< Explain other AI papers

Optimizing Diversity and Quality through Base-Aligned Model Collaboration

Yichen Wang, Chenghao Yang, Tenghao Huang, Muhao Chen, Jonathan May, Mina Lee

2025-11-12

Optimizing Diversity and Quality through Base-Aligned Model Collaboration

Summary

This paper introduces a new method called Base-Aligned Model Collaboration, or BACo, which aims to get the best of both worlds from large language models: high-quality, helpful responses *and* diverse, creative outputs.

What's the problem?

Large language models have become really good at giving safe and useful answers, but in the process, they've become too similar in how they respond. You often get the same answer no matter how you ask the question, which limits their creativity and ability to explore different ideas.

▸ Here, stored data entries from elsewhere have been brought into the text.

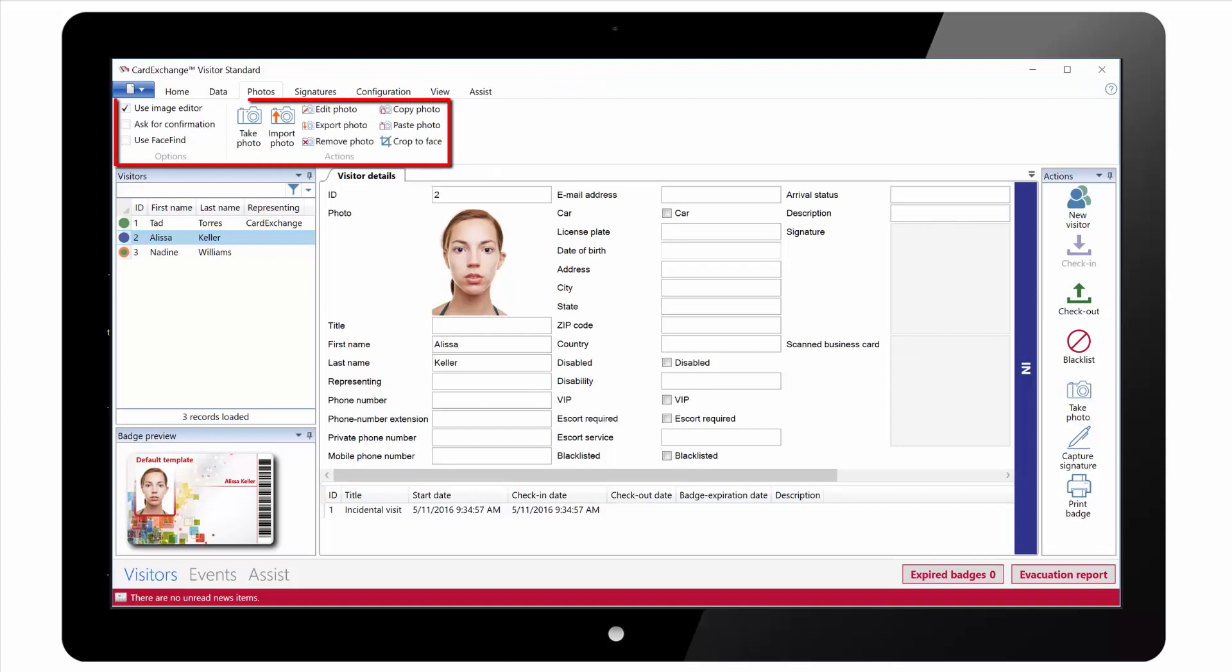Under the Photos tab we have options to take photo, to import photo. We can also edit the photo, crop to face, copy and paste and a few other basic options.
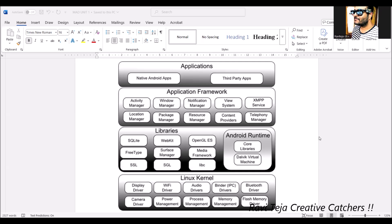We will discuss the Dalvik virtual machine and its conversion process in a separate topic. Android Runtime, called ART, refers to Ahead-of-Time compilation, abbreviated as AOT. This Android runtime is known as an Executable and Linkable Format, referred to as ELF.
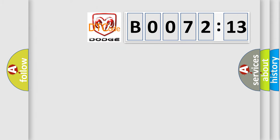So, what does the diagnostic trouble code B007213 interpret specifically for Dodge car manufacturers?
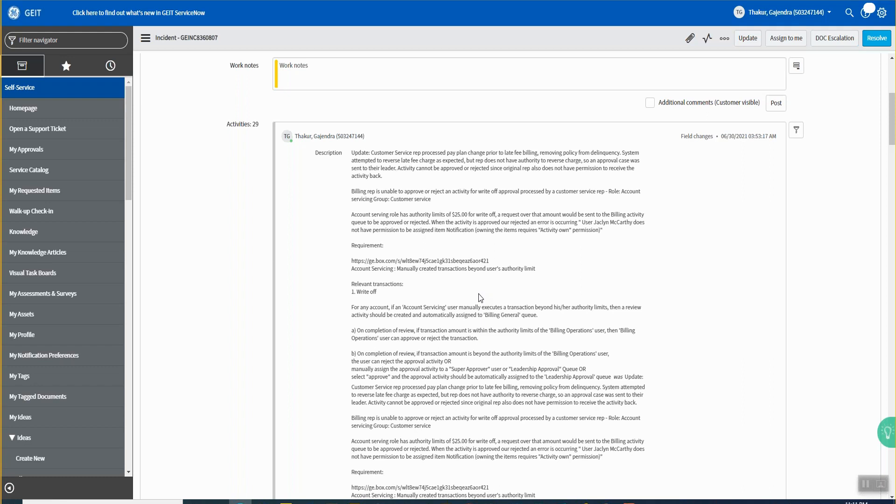But when the activity is approved or rejected, an error is occurring. User Jacqueline does not have permission to assign the active item notification warning. Their items request activity owned permission. Can you show the error, like can you show the screenshot of this whether they might have that right? Yeah.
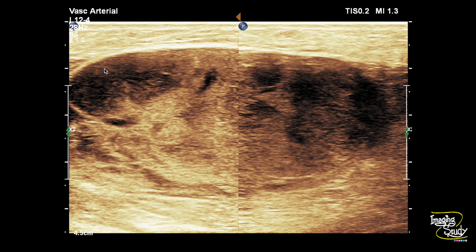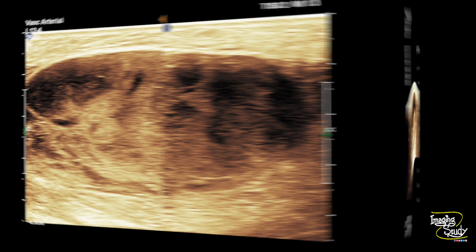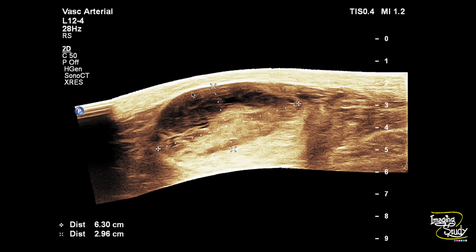Here is another picture of the hematoma containing blood products of variable ages. Here is a panoramic view showing the hematoma within the gastrocnemius muscle. The lesion is around six by three centimeters.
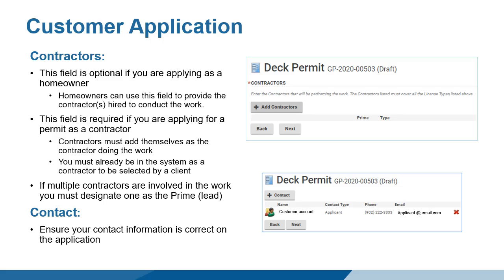Selecting Add Contractors opens a search window. Type all or part of the name of the contractor and the search will return results. Select the appropriate contractor from the list. Contractors must have a registered contractor profile in order to be added to the permit. If they are not registered, they will not be identified in the contractor search. Homeowners cannot create contractor profiles for contractors they have hired to do work. If there are multiple contractors doing the permit work, one contractor must be selected as the prime or lead.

Existing attempts to increase diversity often sacrifice the quality of the responses or require a lot of extra computing power.

What's the solution?

BACo works by cleverly combining two versions of a language model during the response generation process: a 'base' model and an 'aligned' model. At each step of creating a response, the system decides which model should contribute the next word, based on how uncertain the model is about its prediction and what role that word plays in the overall meaning. This dynamic collaboration allows BACo to balance quality and diversity without needing to retrain the models or do a lot of extra processing.

Why it matters?

This research shows that we can improve the creativity and variety of large language model outputs without making them less helpful or accurate. It suggests a promising new direction for building AI systems that are both reliable and imaginative, offering more control over the kind of responses they generate.

Abstract

Alignment has greatly improved large language models (LLMs)' output quality at the cost of diversity, yielding highly similar outputs across generations. We propose Base-Aligned Model Collaboration (BACo), an inference-time token-level model collaboration framework that dynamically combines a base LLM with its aligned counterpart to optimize diversity and quality. Inspired by prior work (Fei et al., 2025), BACo employs routing strategies that determine, at each token, from which model to decode based on next-token prediction uncertainty and predicted contents' semantic role. Prior diversity-promoting methods, such as retraining, prompt engineering, and multi-sampling methods, improve diversity but often degrade quality or require costly decoding or post-training. In contrast, BACo achieves both high diversity and quality post hoc within a single pass, while offering strong controllability. We explore a family of routing strategies, across three open-ended generation tasks and 13 metrics covering diversity and quality, BACo consistently surpasses state-of-the-art inference-time baselines. With our best router, BACo achieves a 21.3% joint improvement in diversity and quality. Human evaluations also mirror these improvements. The results suggest that collaboration between base and aligned models can optimize and control diversity and quality.